Evidence from a number of animal studies suggest that the toxicity and carcinogenicity of poorly soluble, low toxicity (PSLT) particles, including TiO2, are not substance-specific effects, but are related to the particle surface area dose. In rats chronically exposed to pigment-grade (fine) TiO2, increased lung tumors were observed only at a dose much higher than current occupational exposure limits for TiO2 and other PSLT particles; however, in rats exposed to ultra-fine (nano-sized) TiO2, lung cancer was elevated at occupationally relevant doses. Epidemiological studies of workers exposed to fine titanium dioxide have not shown an elevation in lung cancer. An estimated 2.75 million U.S. workers have been documented from the NIOSH National Occupational Exposure Survey (1981-1982) as potentially exposed to TiO2.

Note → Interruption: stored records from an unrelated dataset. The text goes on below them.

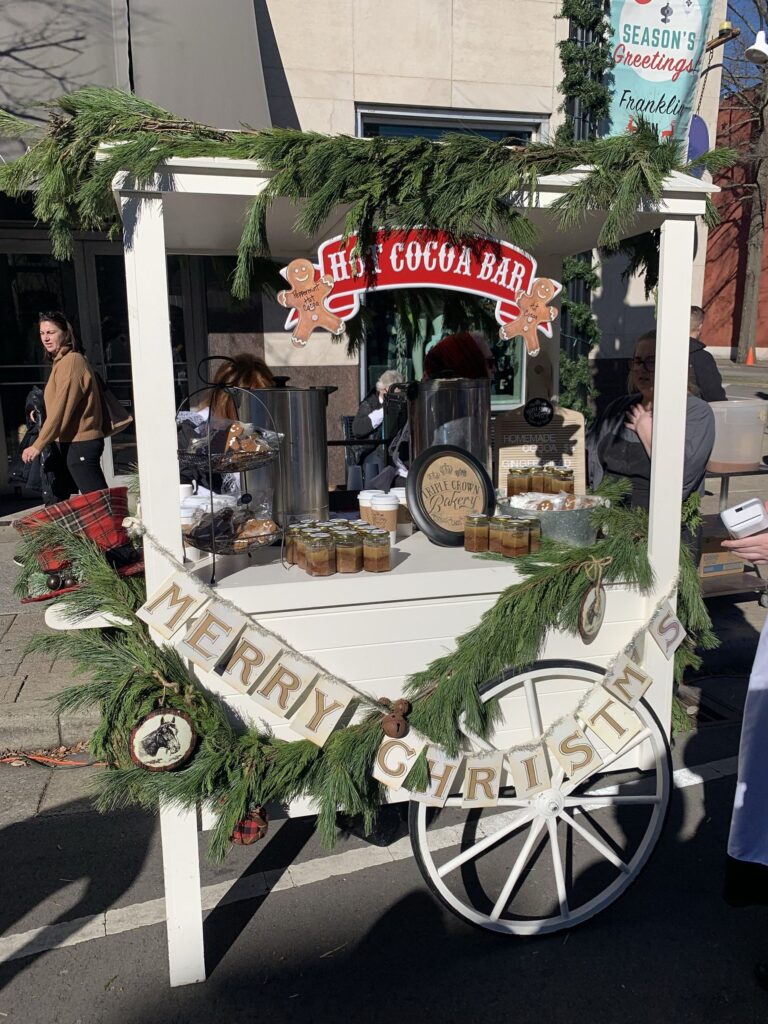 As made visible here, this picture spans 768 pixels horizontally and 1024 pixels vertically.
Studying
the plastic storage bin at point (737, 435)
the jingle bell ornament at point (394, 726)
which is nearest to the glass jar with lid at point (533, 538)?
the jingle bell ornament at point (394, 726)

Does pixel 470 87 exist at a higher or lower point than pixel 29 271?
higher

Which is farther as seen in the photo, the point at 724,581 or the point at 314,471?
the point at 724,581

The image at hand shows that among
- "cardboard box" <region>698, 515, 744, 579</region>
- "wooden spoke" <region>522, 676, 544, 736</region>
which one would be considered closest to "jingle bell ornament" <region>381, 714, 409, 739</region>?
"wooden spoke" <region>522, 676, 544, 736</region>

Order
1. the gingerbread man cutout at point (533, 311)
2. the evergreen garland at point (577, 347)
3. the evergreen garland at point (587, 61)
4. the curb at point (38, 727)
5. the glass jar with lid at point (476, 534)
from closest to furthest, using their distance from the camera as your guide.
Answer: the gingerbread man cutout at point (533, 311) < the glass jar with lid at point (476, 534) < the curb at point (38, 727) < the evergreen garland at point (587, 61) < the evergreen garland at point (577, 347)

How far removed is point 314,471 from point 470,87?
239 inches

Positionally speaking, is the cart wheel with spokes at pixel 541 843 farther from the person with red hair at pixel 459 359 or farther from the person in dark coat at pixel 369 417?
the person in dark coat at pixel 369 417

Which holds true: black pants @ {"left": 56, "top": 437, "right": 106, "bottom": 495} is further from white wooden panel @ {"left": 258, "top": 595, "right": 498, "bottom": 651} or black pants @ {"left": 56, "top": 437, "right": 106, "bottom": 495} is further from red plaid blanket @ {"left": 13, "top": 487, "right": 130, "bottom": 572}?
white wooden panel @ {"left": 258, "top": 595, "right": 498, "bottom": 651}

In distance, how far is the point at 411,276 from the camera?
235 centimetres

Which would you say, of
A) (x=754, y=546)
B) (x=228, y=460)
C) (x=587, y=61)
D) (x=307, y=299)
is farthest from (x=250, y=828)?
(x=587, y=61)

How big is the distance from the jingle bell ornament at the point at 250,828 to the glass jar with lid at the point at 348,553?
0.72m

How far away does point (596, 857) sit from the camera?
114 inches

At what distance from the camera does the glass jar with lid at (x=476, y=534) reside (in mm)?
2566

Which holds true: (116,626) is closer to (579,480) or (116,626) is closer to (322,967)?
(322,967)

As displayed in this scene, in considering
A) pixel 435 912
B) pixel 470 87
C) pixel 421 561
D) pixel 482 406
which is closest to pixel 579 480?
pixel 482 406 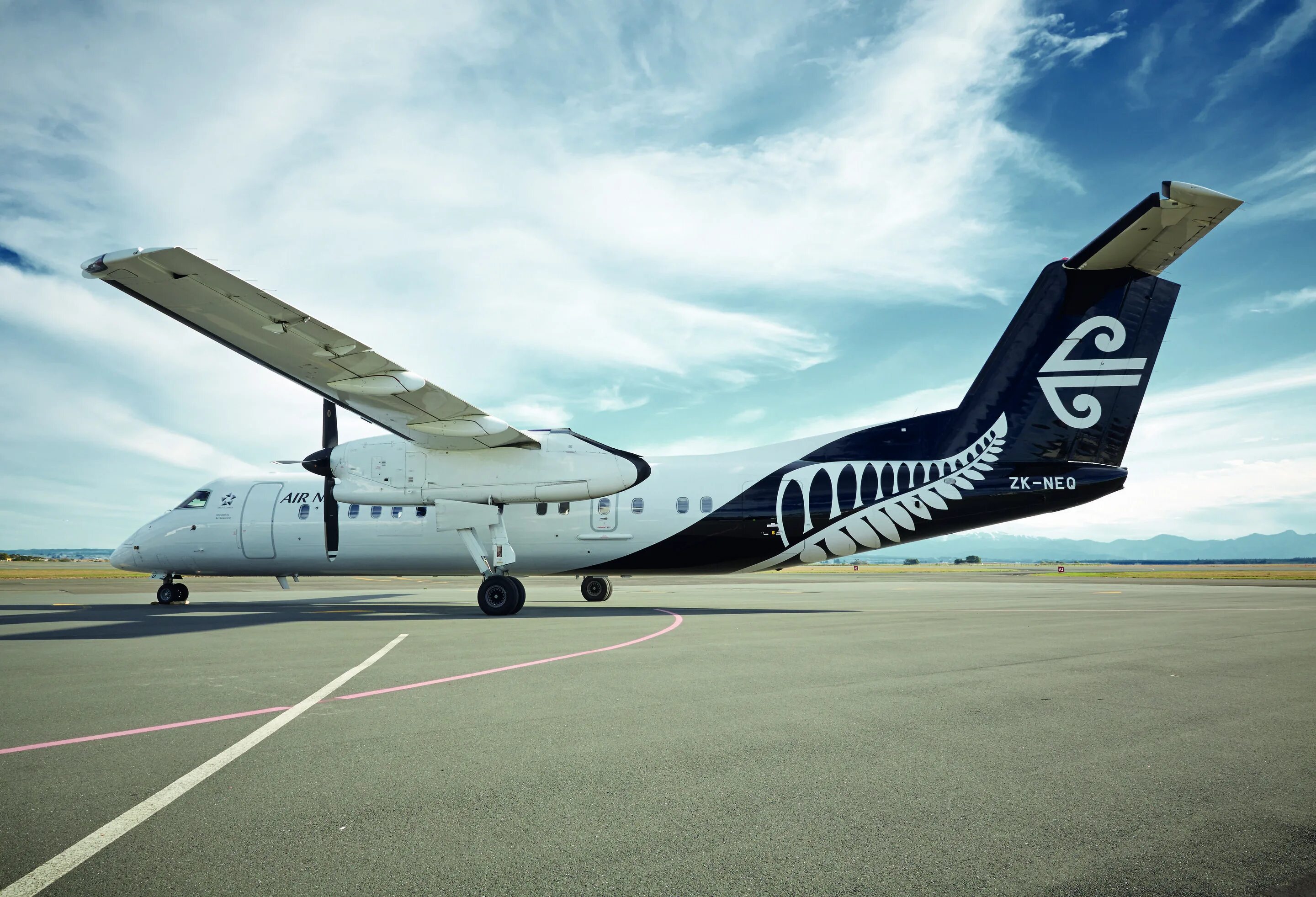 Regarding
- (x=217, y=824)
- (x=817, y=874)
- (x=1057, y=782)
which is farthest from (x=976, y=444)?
(x=217, y=824)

A Current Intelligence Bulletin (CIB) will be drafted in FY07 pending completion of field studies conducted by DSHEFS. This document will supplement the CIB entitled "Evaluation of Health Hazard and Recommendations on Occupational Exposure to Titanium Dioxide" by describing the characteristics of exposure in various workplaces, recommending methods for monitoring exposures, and providing guidance on the control of exposures. The document will be developed in collaboration with the NIOSH NTRC to ensure that recommendations are consistent with those being recommended by NIOSH for other nanomaterials. Collaborative efforts have been initiated with representatives of the Titanium Dioxide Panel, American Chemistry Council on collecting exposure data and information on exposure controls methods. In collaboration with NIOSH NTRC and DSHEFS staff, information on exposure characteristics, sampling methodologies, and exposure control strategies will be gathered from small nanotechnology companies that produce ultrafine (nano-size) TiO2 and from the use of ultrafine TiO2 in the cosmetic industry. The time frame for completing the CIB is contingent upon gathering relevant exposure data, an assessment of the feasibility to control exposures at the NIOSH REL, and development of appropriate sampling and analytical methods.



Objectives

The objective of this project is the development a NIOSH Current Intelligence Bulletin (CIB) that will describe the extent and characteristics of TiO2 exposure in the workplace, provide strategies for preventing exposures (e.g., engineering controls) as well as recommendations for personal protective equipment (e.g., respirators). The information contained in this document will complement the NIOSH CIB "Evaluation of Health Hazard and Recommendations for Occupational Exposure to Titanium Dioxide" that describes the specific health effects associated with TiO2 exposure along with recommended exposure limits.



Mission Relevance

In 1988, NIOSH recommended to OSHA that pigment-grade (fine) titanium dioxide (TiO2) be classified as a potential occupational carcinogen based on evidence of an increase in lung tumors observed in an experimental chronic inhalation study with rats. The production of TiO2 in the United States is estimated at 1.43 million metric tons with approximately 2 to 3 million workers potentially exposed. Based on a recent review of the literature NIOSH has determined that its policy on TiO2 may not adequately reflect the current scientific knowledge about the potential biological activity of TiO2 and other similar substances that have poor solubility. A Current Intelligence Bulletin (CIB) entitled "Evaluation of Health Hazard and Recommendations on Occupational Exposure to Titanium Dioxide" was initiated in FY05 to evaluate the health data and develop a recommended exposure limit (REL) for TiO2. To complement the development of this CIB, another CIB entitled "Titanium Dioxide Exposure Assessment" was initiated in FY07 that characterizes occupational exposure to TiO2, assesses the feasibility of controlling exposure, and makes recommendations for measuring and controlling exposures. The CIB will provide manufacturers and users of TiO2 with guidance on the safe handling of TiO2 and practical methods for characterizing and measuring airborne exposures. The development of the CIB fulfills one of NIOSH's primary missions to develop recommendations for the prevention of occupational injuries and illnesses.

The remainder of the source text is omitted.